El advenimiento de las tecnologías de transcriptómica espacial ha permitido a los investigadores observar la expresión génica en su contexto espacial en muestras de tejido completo. Pero se necesitan nuevos métodos computacionales para dar sentido a estos datos y ayudar a identificar y comprender estos patrones de expresión génica.
Un equipo de investigación dirigido por Jian Ma, profesor Ray y Stephanie Lane de Biología Computacional en la Facultad de Ciencias de la Computación de la Universidad Carnegie Mellon, ha desarrollado una herramienta de aprendizaje automático para llenar este vacío. Su artículo sobre el método, llamado SPICEMIX, apareció como artículo de portada en la edición más reciente de Genética de la Naturaleza.
SPICEMIX ayuda a los investigadores a desentrañar el papel que juegan los diferentes patrones espaciales en la expresión génica general de las células en tejidos complejos como el cerebro. Lo hace al representar cada patrón con metagenes espaciales, grupos de genes que pueden estar conectados a un proceso biológico específico y pueden mostrar patrones uniformes o esporádicos en el tejido.
El equipo, que incluía a Ma; Benjamin Chidester, científico del proyecto en el Departamento de Biología Computacional; y doctorado los estudiantes Tianming Zhou y Shahul Alam, usaron SPICEMIX para analizar datos de transcriptómica espacial de regiones del cerebro en ratones y humanos. Aprovecharon las capacidades únicas de SPICEMIX para descubrir el panorama de los tipos de células y patrones espaciales del cerebro.

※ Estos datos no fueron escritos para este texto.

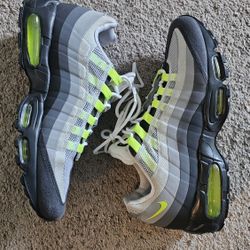 Air Max 95 "Neon" (2013) Size 10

«Nos inspiramos en la cocina cuando elegimos el nombre», dijo Chidester. «Puedes hacer todo tipo de sabores diferentes con el mismo conjunto de especias. Las células pueden funcionar de manera similar. Pueden usar un conjunto común de procesos biológicos, pero la combinación específica que usan les da su identidad única».
Cuando se aplicó a los tejidos cerebrales, SPICEMIX identificó patrones espaciales de tipos de células en el cerebro con mayor precisión que otros métodos. También descubrió nuevos patrones de expresión de tipos de células cerebrales a través de metagenes espaciales aprendidos.

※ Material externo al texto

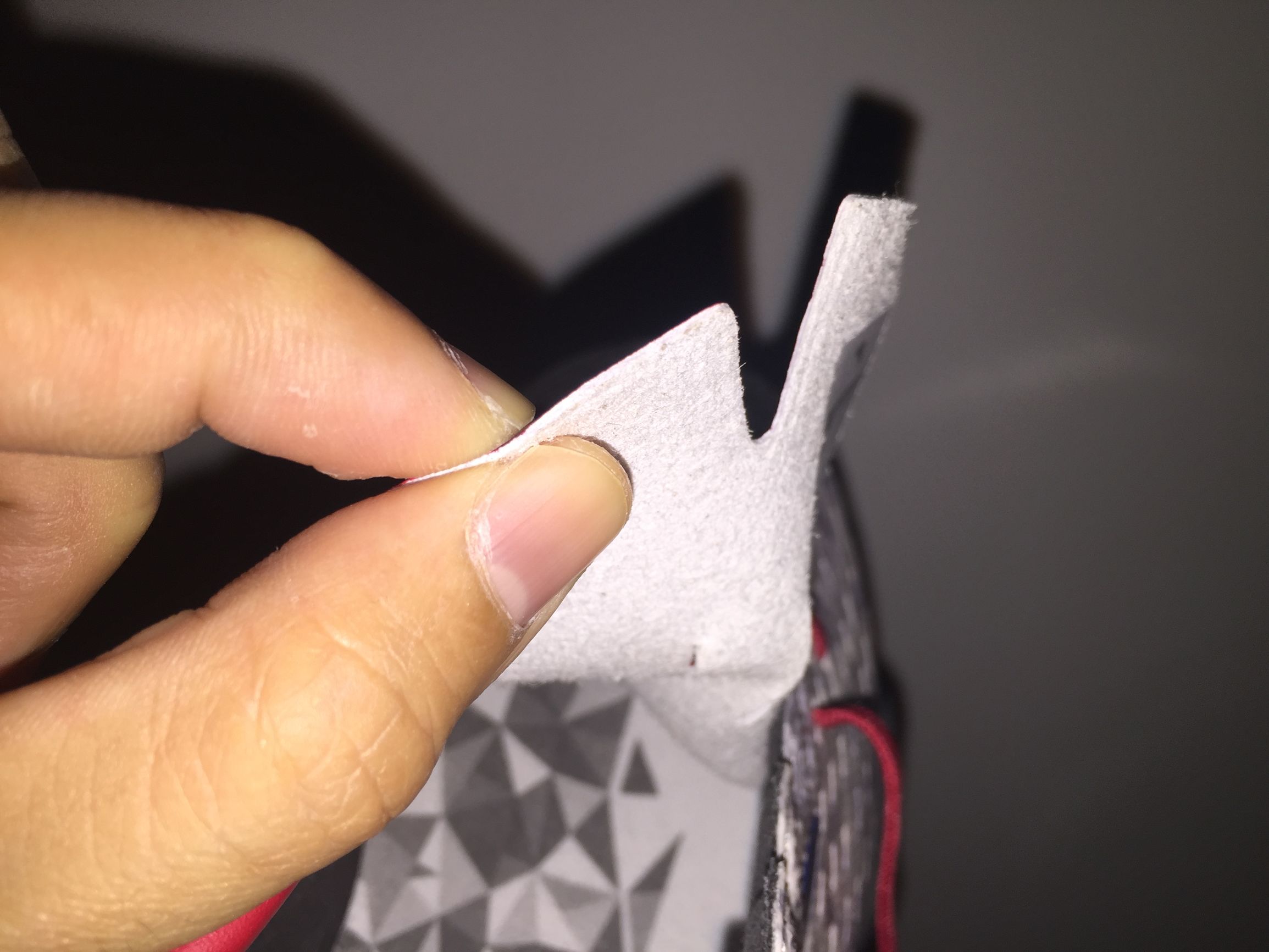 山寨足球鞋,安踏雄狮足球鞋郑智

«Estos hallazgos pueden ayudarnos a pintar una imagen más completa de la complejidad de los tipos de células cerebrales», dijo Zhou.

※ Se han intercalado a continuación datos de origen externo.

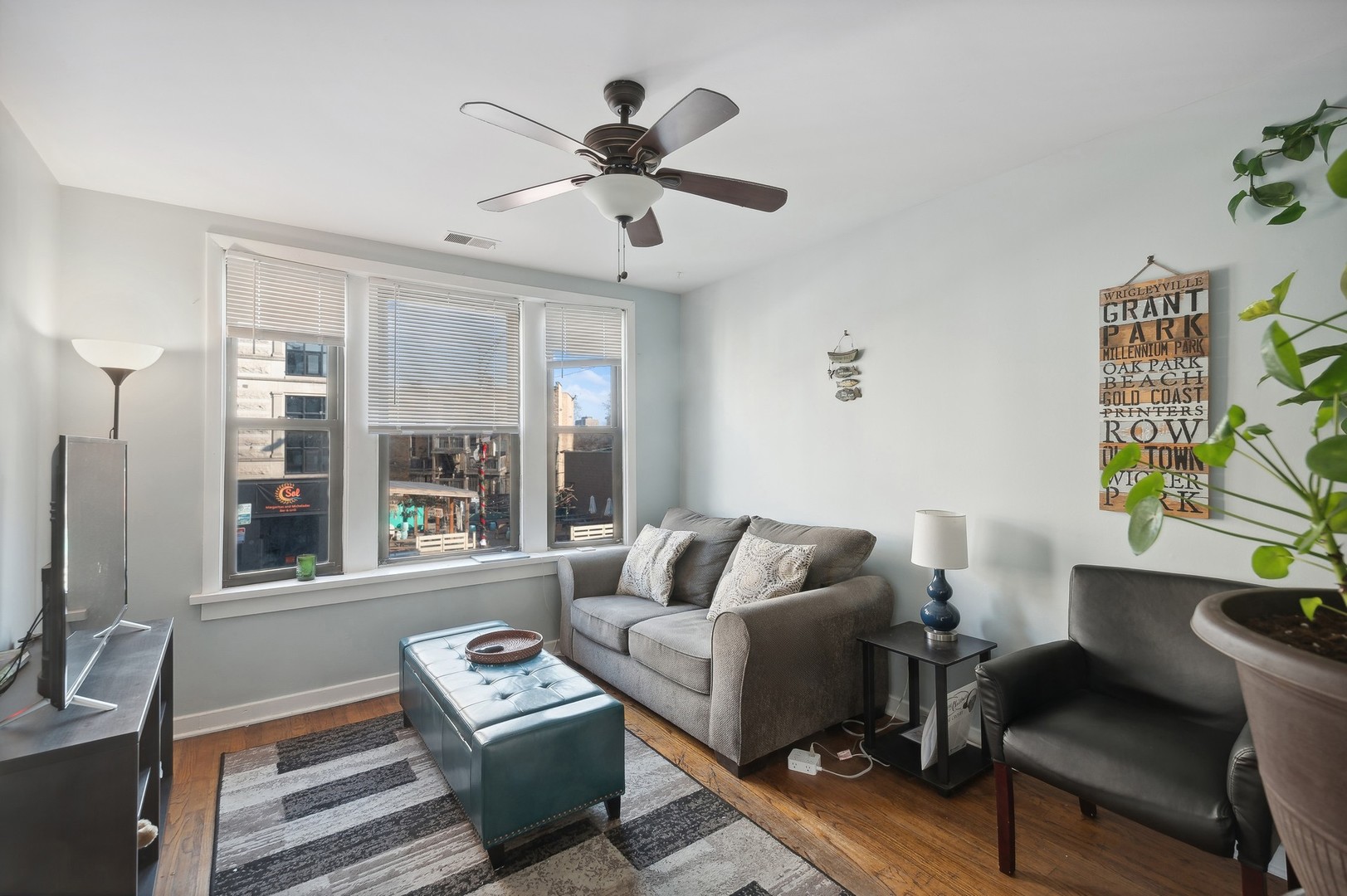 3472 N Clark Street Property Photo 2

La cantidad de estudios que utilizan tecnologías de transcriptómica espacial está creciendo rápidamente, y SPICEMIX puede ayudar a los investigadores a aprovechar al máximo estos datos de gran volumen y gran dimensión.
«Nuestro método tiene el potencial de hacer avanzar la investigación de la transcriptómica espacial y contribuir a una comprensión más profunda tanto de la biología básica como de la progresión de la enfermedad en tejidos complejos», dijo Ma.